Description of the task ▸ Word for word, give the data again without its pictures.
##########
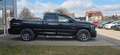 Dodge RAM SRT10Night Runner 137von 400/double Cab/Garantie Schwarz - thumbnail 7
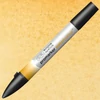 Obojstranný akvarelový popisovač Promarker Watercolor - 552, raw sienna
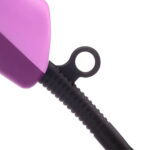 Secador Revlon fast drying power 1875 W RVDR5260PMLA1 - Morado - Imagen 2
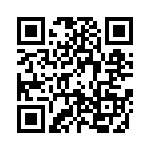 08-0600-21 QRCode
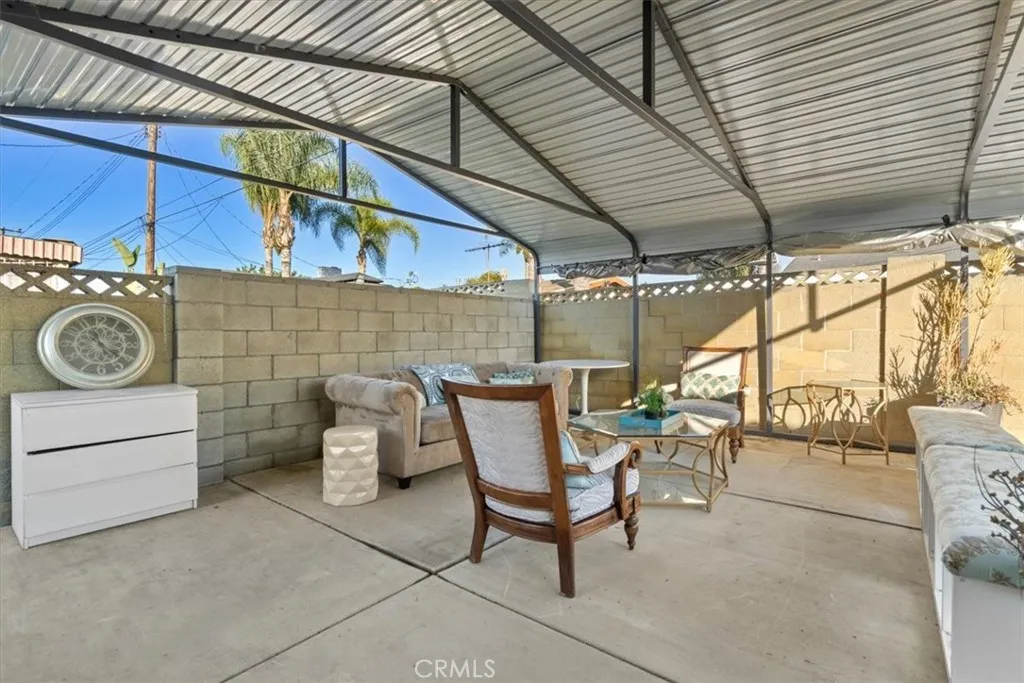 Additional image 31 of 17222 Wall St, Carson, CA 90746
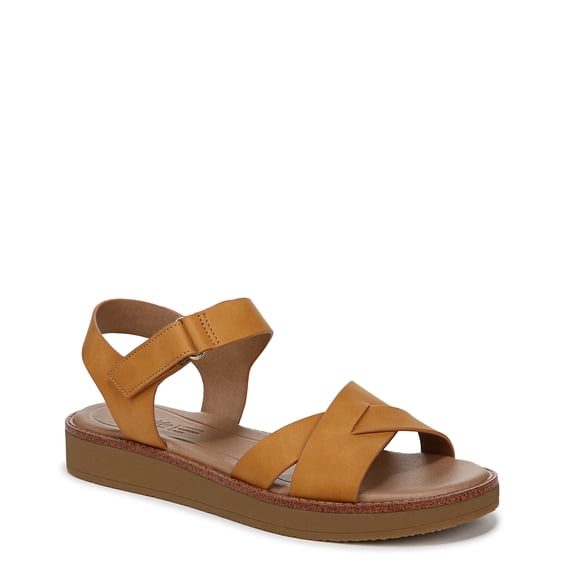 LifeStride Women's Wren Sandal - Medium & Wide Width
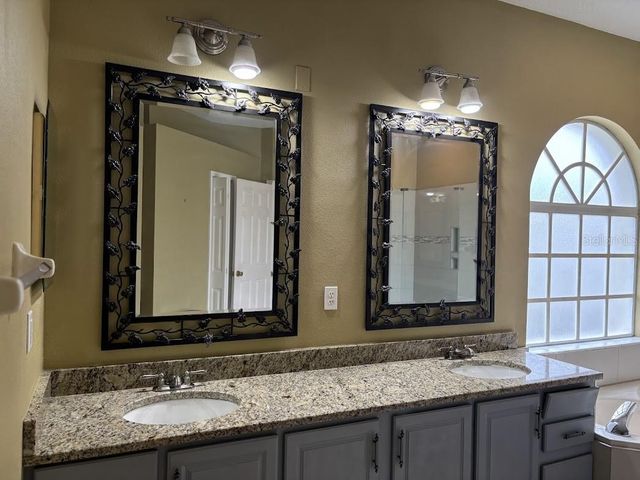 2800 BAYWOOD LANE, Kissimmee, FL 34746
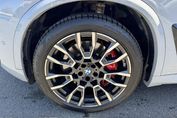 BMW X5 xDrive30d M Sport
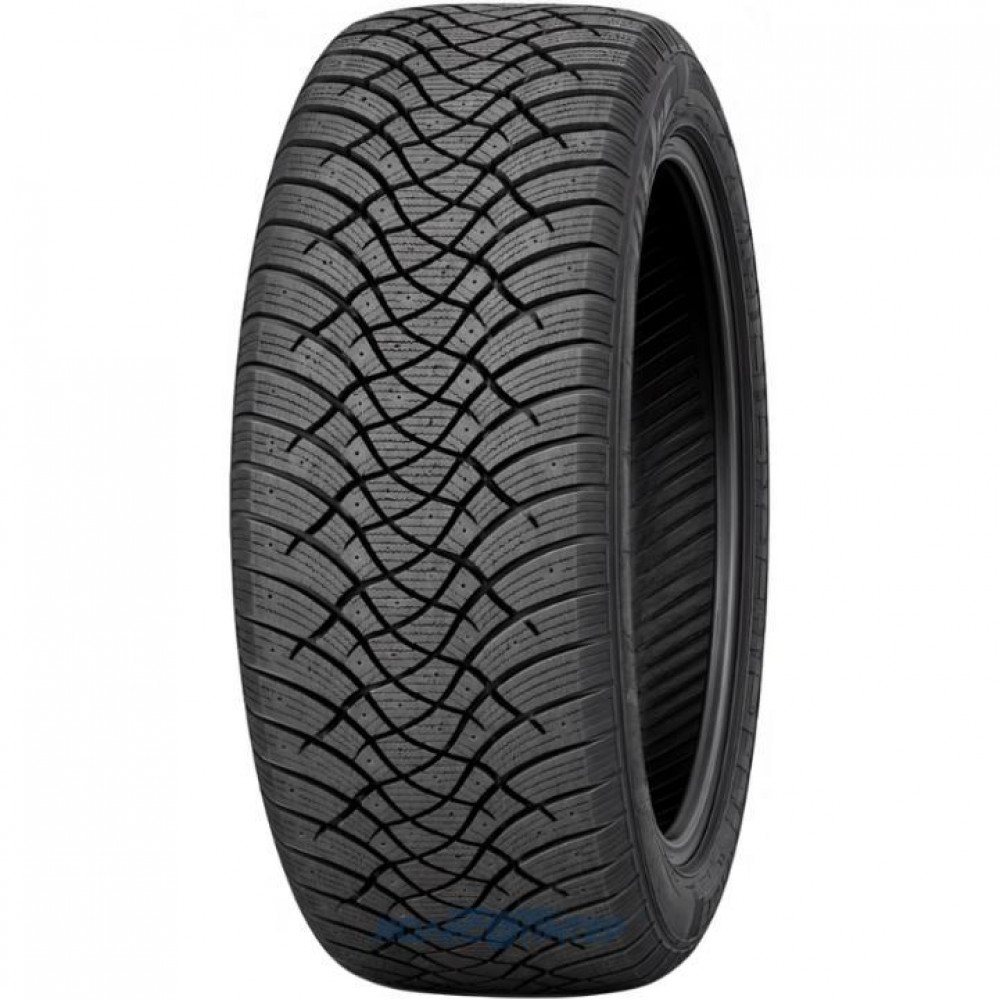 Mirage MR-W572 245/45 R20 103H зимняя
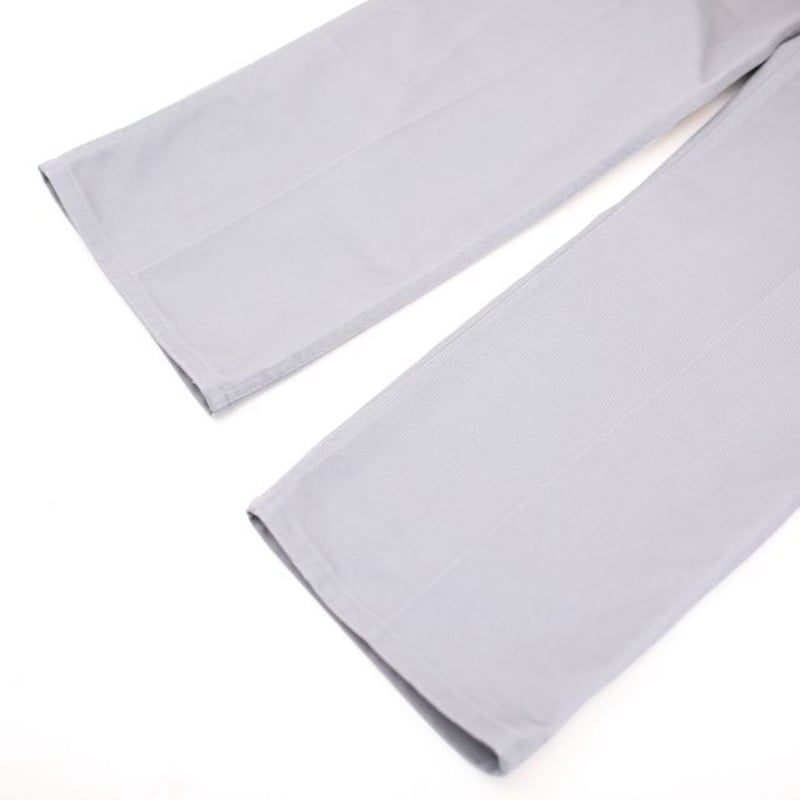 パンツ BEN DAVIS WORK PANTS 692 00s ベンデイビス ワークパンツ Ben Davis Style 692 Work pa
##########
Completed exercise ▸
 Dodge RAM SRT10Night Runner 137von 400/double Cab/Garantie Schwarz - thumbnail 7
 Obojstranný akvarelový popisovač Promarker Watercolor - 552, raw sienna
 Secador Revlon fast drying power 1875 W RVDR5260PMLA1 - Morado - Imagen 2
 08-0600-21 QRCode
 Additional image 31 of 17222 Wall St, Carson, CA 90746
 LifeStride Women's Wren Sandal - Medium & Wide Width
 2800 BAYWOOD LANE, Kissimmee, FL 34746
 BMW X5 xDrive30d M Sport
 Mirage MR-W572 245/45 R20 103H зимняя
 パンツ BEN DAVIS WORK PANTS 692 00s ベンデイビス ワークパンツ Ben Davis Style 692 Work pa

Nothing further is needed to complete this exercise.